Analytical Databases
Amazon Redshift
Amazon Redshift is a cloud data warehouse designed for analytical queries (OLAP) across large datasets.
| Feature | Detail |
|---|---|
| Type | Columnar data warehouse |
| Scaling | Petabyte-scale |
| Performance | 10x better than traditional data warehouses |
| Redshift Serverless | Analyze data without managing clusters |
| Redshift Spectrum | Query data directly in S3 without loading |
When to use Redshift:
- Business intelligence and reporting
- Complex analytical queries across large datasets
- Aggregation and summarization of historical data
Caching
Amazon ElastiCache
Amazon ElastiCache provides in-memory caching to improve application performance.
| Engine | Use Case |
|---|---|
| Redis | Advanced data structures, replication, pub/sub, persistence |
| Memcached | Simple caching, multi-threaded, no persistence needed |
Use ElastiCache when:
- Database queries are repetitive and results can be cached
- Session data needs to be shared across application servers
- Sub-millisecond response times are required
Other Database Services
| Service | Type | Use Case |
|---|---|---|
| Amazon DocumentDB | Document database (MongoDB-compatible) | Content management, catalogs, user profiles |
| Amazon Neptune | Graph database | Social networks, fraud detection, recommendation engines |
| Amazon Keyspaces | Wide-column (Cassandra-compatible) | Equipment maintenance, fleet management, route optimization |
| Amazon QLDB | Ledger database (immutable) | Financial transactions, supply chain, regulatory compliance |
| Amazon Timestream | Time-series database | IoT, DevOps monitoring, application metrics |
| Amazon MemoryDB for Redis | Redis-compatible durable database | Durable in-memory workloads |
Database Selection Guide
| Requirement | Best Service |
|---|---|
| Relational data, complex queries | Amazon RDS or Aurora |
| High-speed key-value lookups | Amazon DynamoDB |
| Data warehousing and analytics | Amazon Redshift |
| In-memory caching | Amazon ElastiCache |
| Document storage (MongoDB workloads) | Amazon DocumentDB |
| Graph relationships | Amazon Neptune |
| Immutable, verifiable transaction log | Amazon QLDB |
| Time-series data (IoT sensors) | Amazon Timestream |
Which AWS database service is a fully managed NoSQL database that provides single-digit millisecond latency at any scale?
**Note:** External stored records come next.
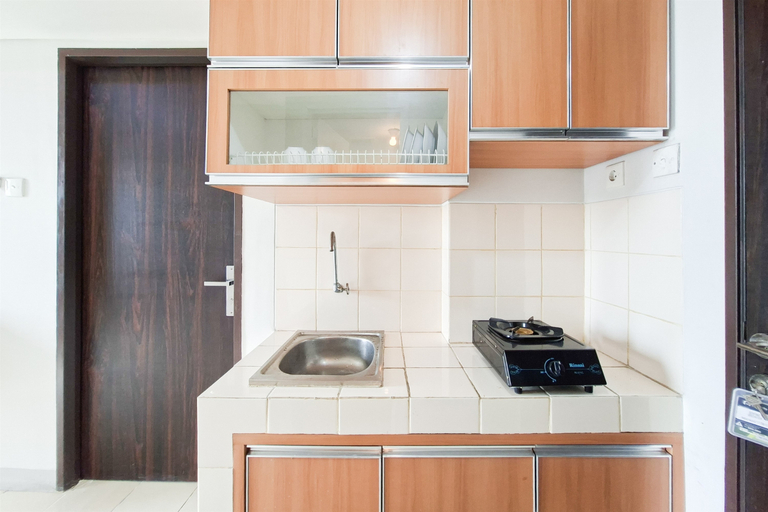 Others 5, Spacious and Warm Combined Studio Room at Apartment Serpong Greenview By Travelio, Tangerang Selatan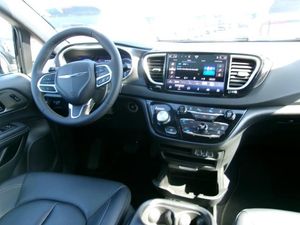 CHRYSLER PACIFICA SELECT - 4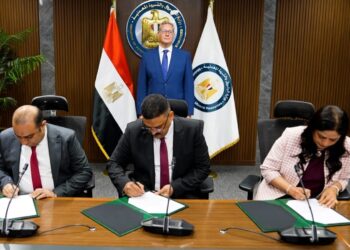 وزير البترول يشهد توقيع اتفاقية مع شركة “أنجلو جولد اشانتي” لاستغلال الذهب والمعادن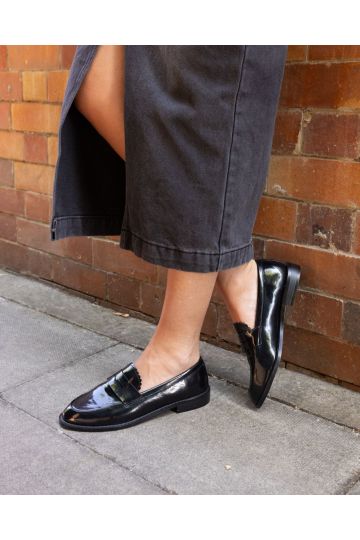 CARMELLA Black Loafer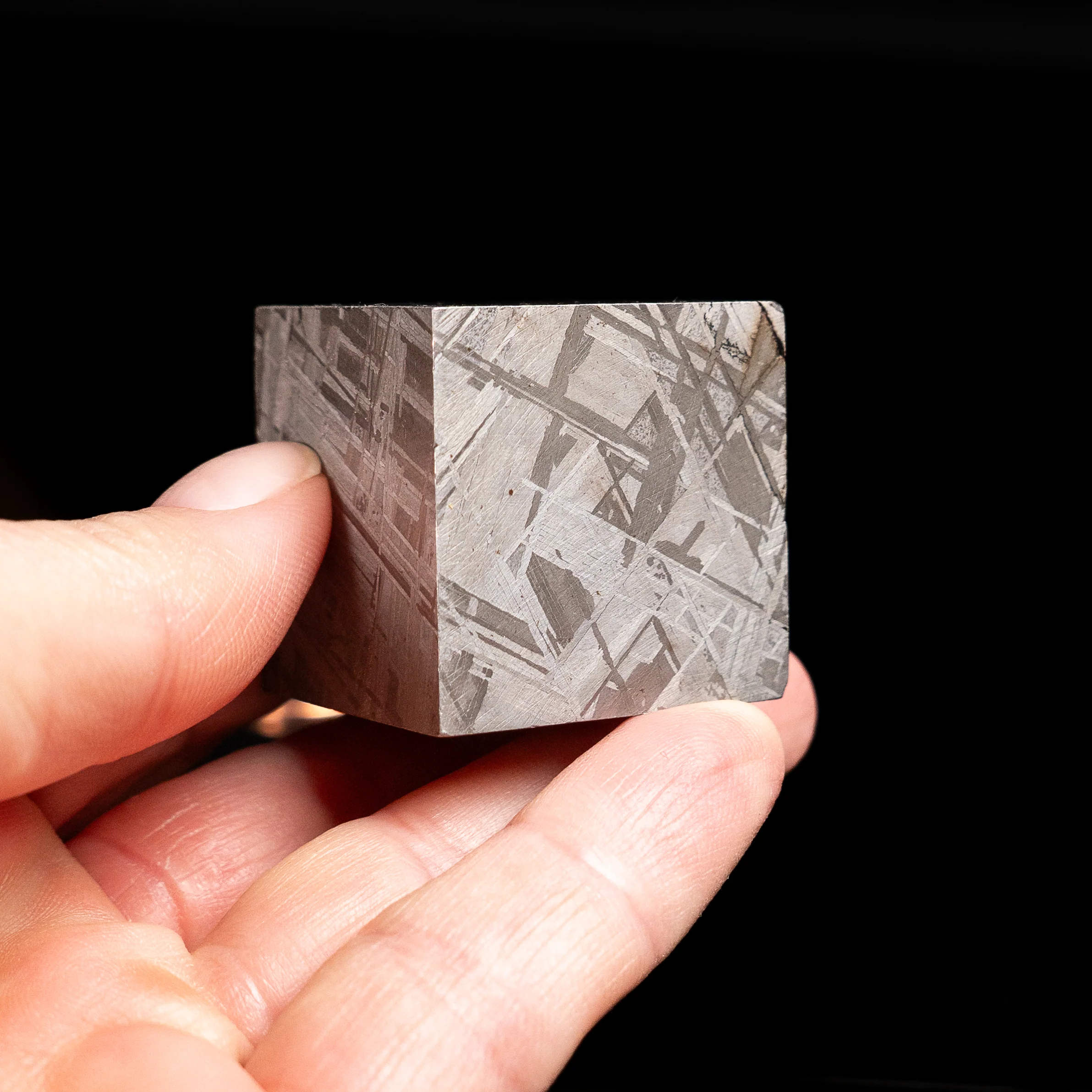 Muonionalusta Meteorite Cube 210gr - Image 9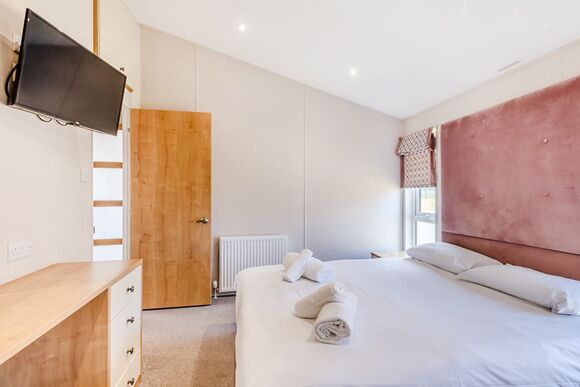 Deluxe Lodge with parking, ensuite & decking, Deluxe Lodge 4 with parking, ensuite & decking P - White Acres, Newquay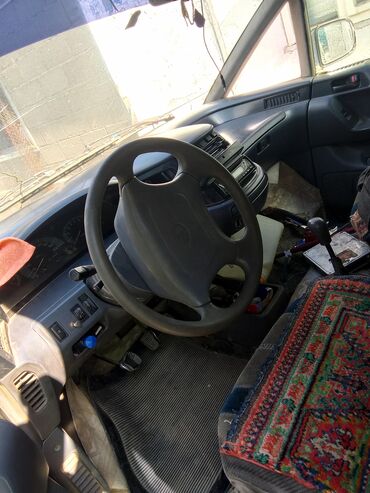 тоета карина 2: Toyota Previa: 1992 г., 2.4 л, Механика, Бензин, Минивэн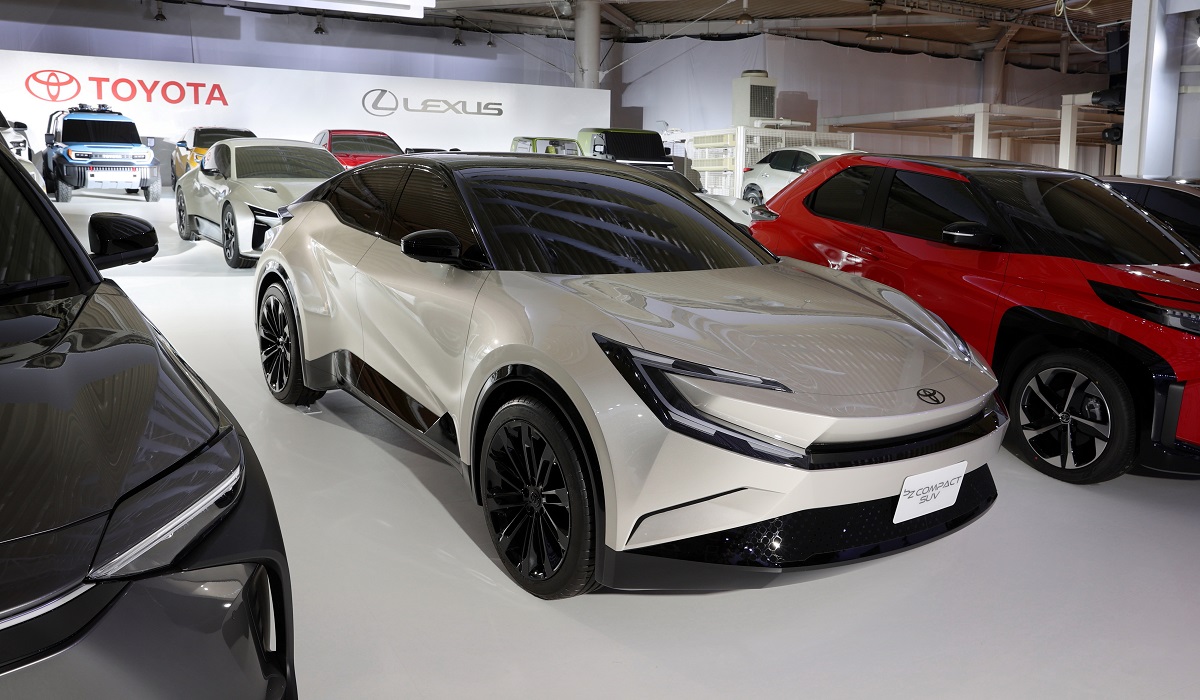 Пятнадцать электромобилей Toyota: «мини-Крузак», пикап, родстер, народный седан и лапша с креветками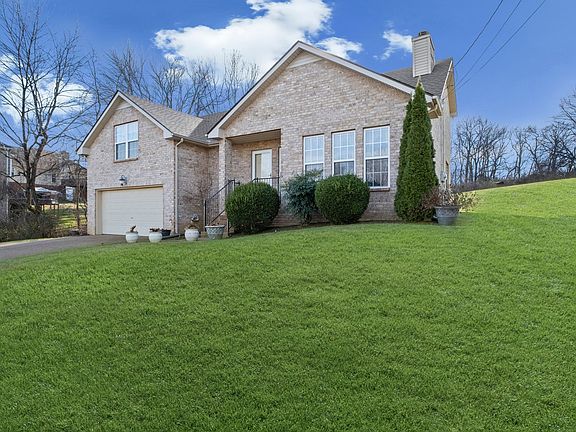 3rd image of 105 Hanover Ct
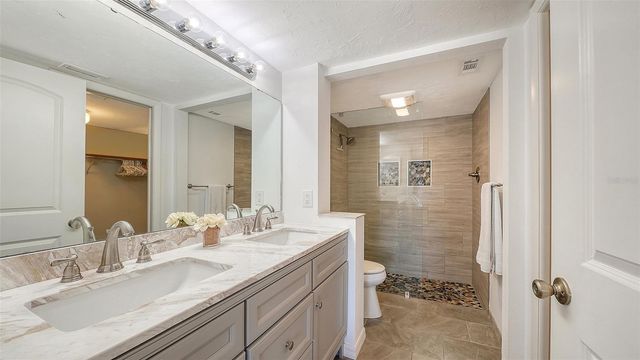 1249 DOCKSIDE PLACE 110, Sarasota, FL 34242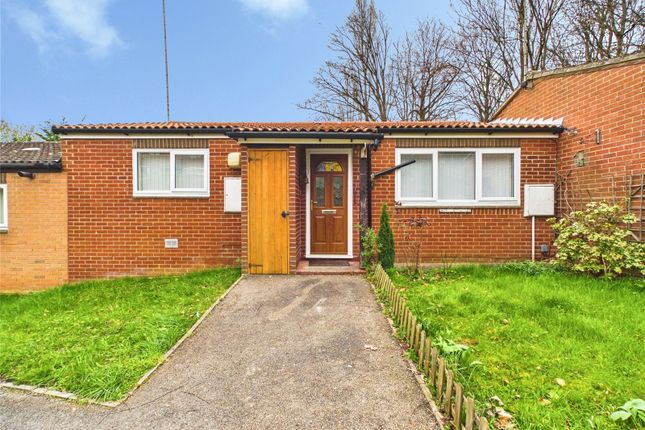 2 bed property, in Wootton Road, £235,000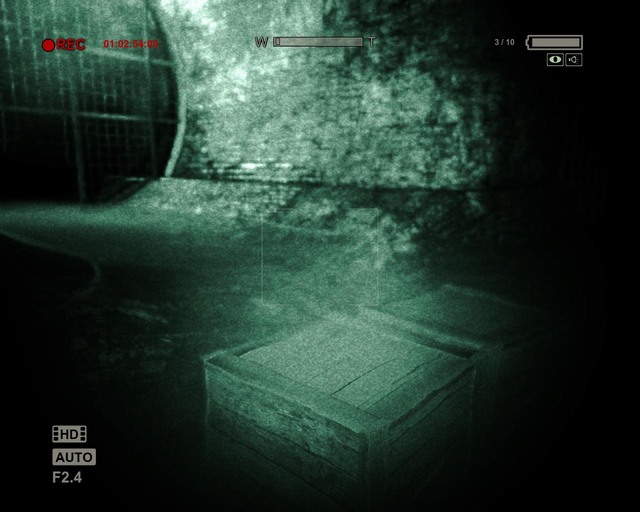 The gate on the left hides a way through - Sewer | Walkthrough - Walkthrough - Outlast Game Guide & Walkthrough
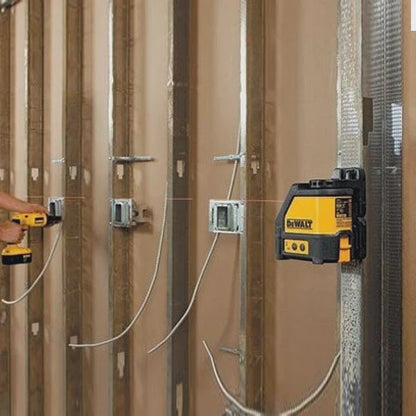 Dewalt DEW088K Cross Line Laser Level Kit with Wall Mount Bracket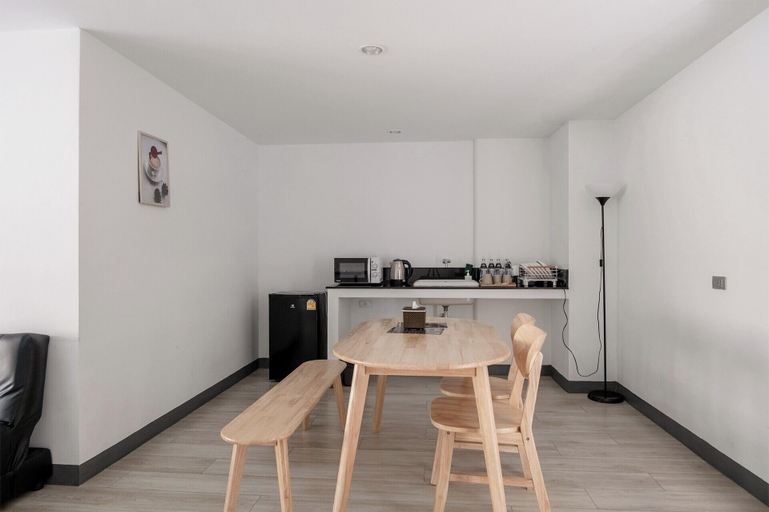 Dining Room 11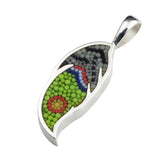 Pendentif Plume 17 en argent sterling et micro-mosaïque de verre, avec chaîne en argent sterling.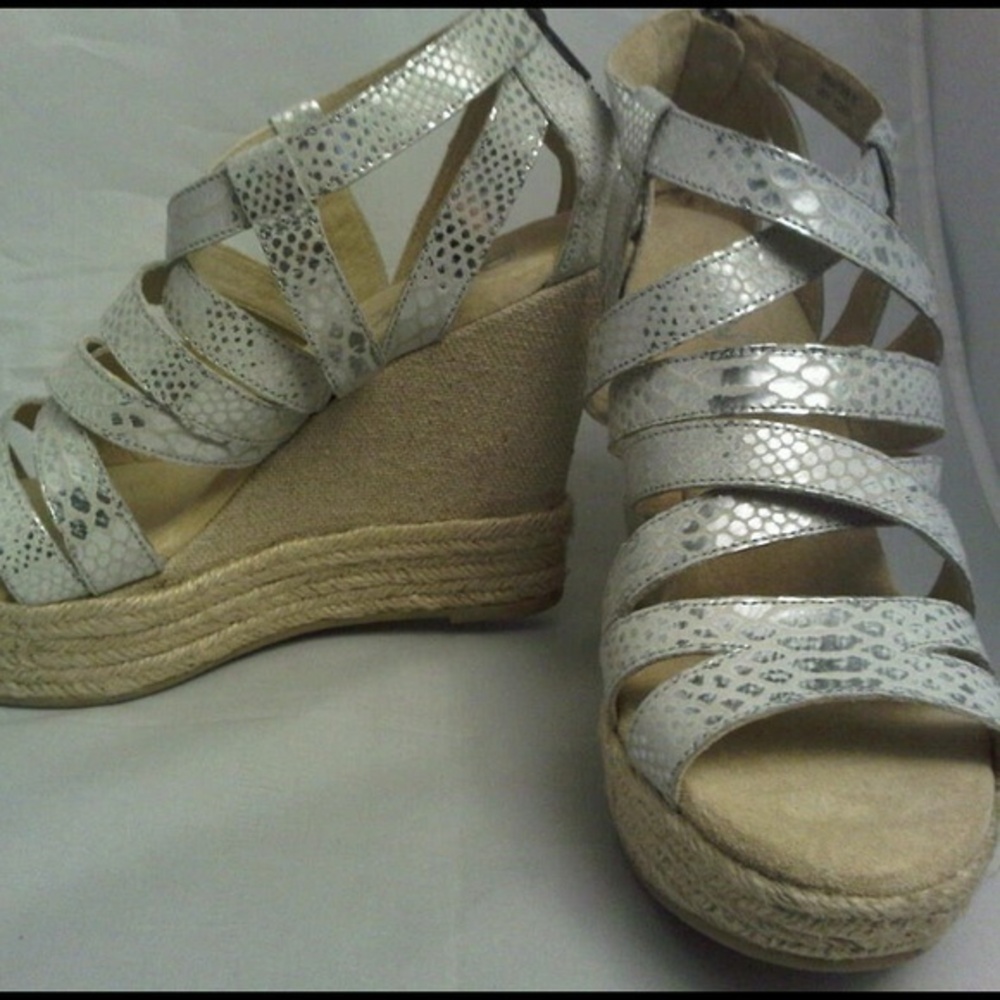 NEW $175 DKNY Silver Platform Espadrilles Sz 8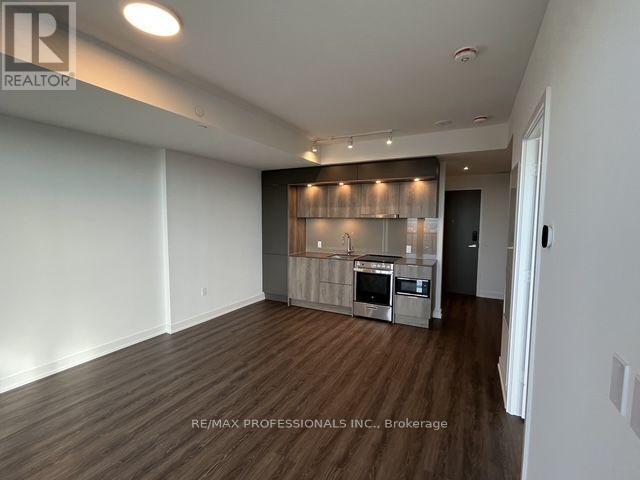 7004 - 448 Burnhamthorpe Road W, Mississauga, Ontario  L5B 0R4 - Photo 8 - W13854700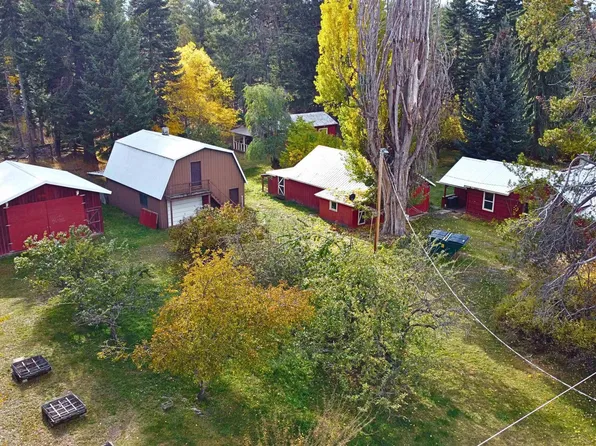 1557 Pleasant Valley Loop, Naples, ID 83847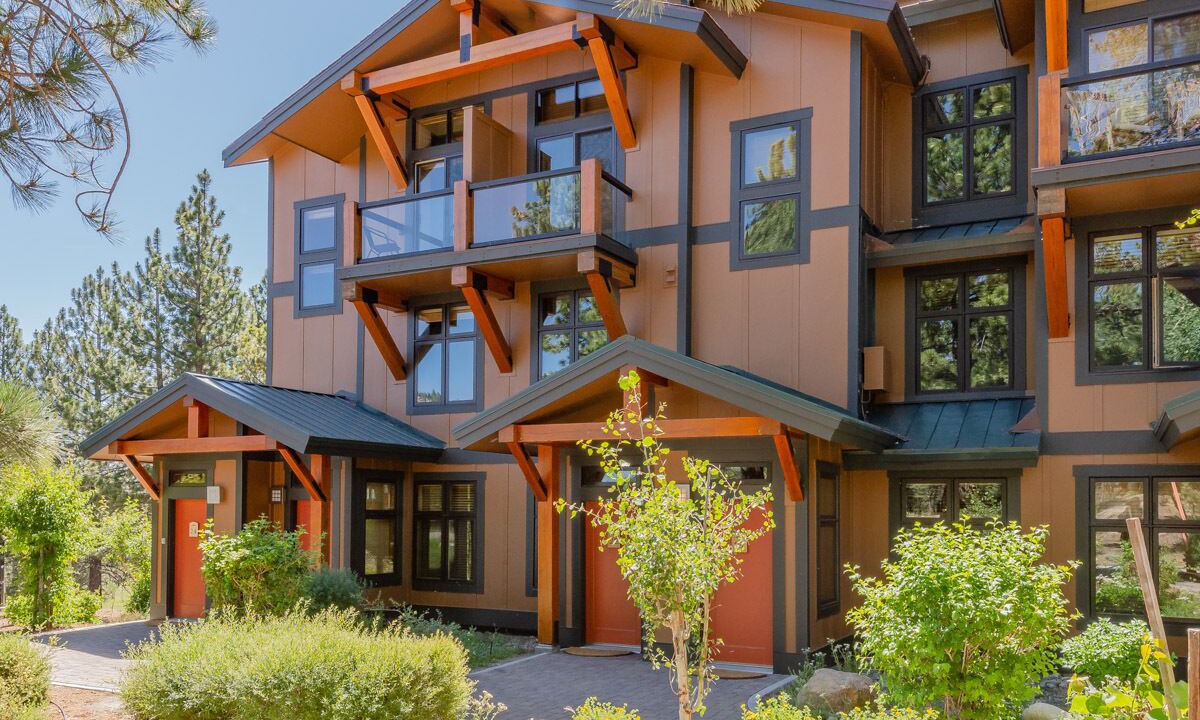 Photo of Outdoor in Mammoth Lakes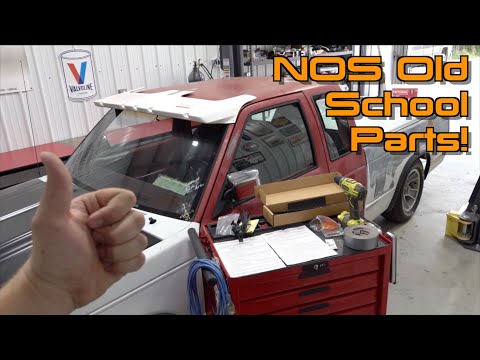 Installing a NOS Lund MoonVisor...Plus Other Cool Stuff! S10 Restomod Ep.17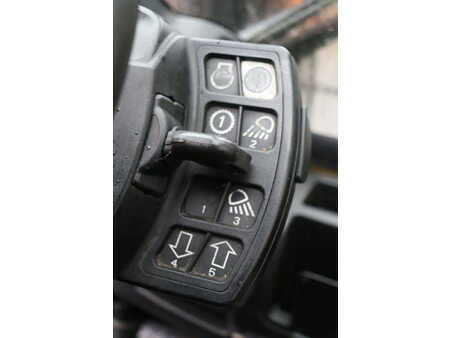 Carretilla elevadora GLP 2010  Hyster H8.0FT (31)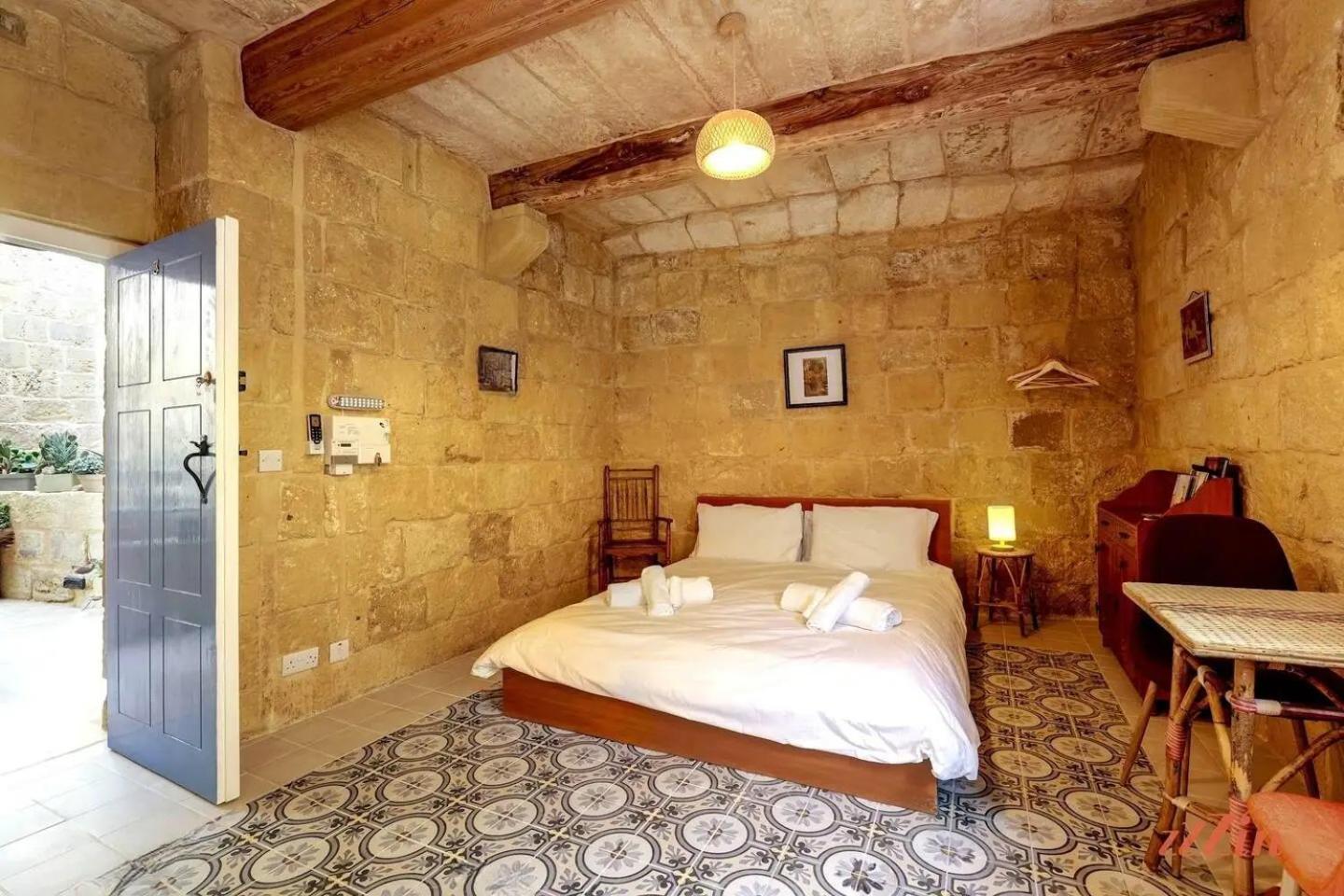 Historic Hideaways - 900 Year Old Converted Studios 维多利亚 外观 照片
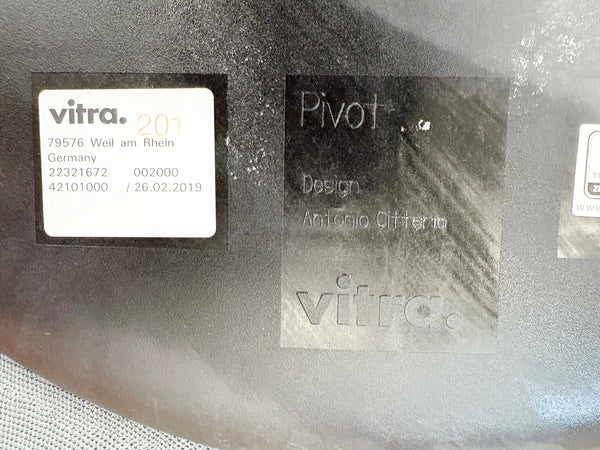 Vitra Pivot High Stool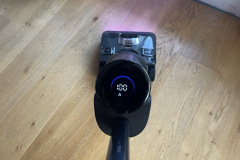 Sprachansagen halten über den Akkustand auf dem Laufenden, im Auto Modus bleibt die Reinigungsleistung im Test ohne spürbaren Abfall. (Foto: Testsieger.de).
A company needs a cloud-native relational database that is compatible with MySQL and provides up to 5x better performance. Which service should they use?
Which AWS service is designed for running complex analytical queries across petabytes of structured data?
A company needs a graph database to manage highly connected datasets for a social networking application. Which service should they choose?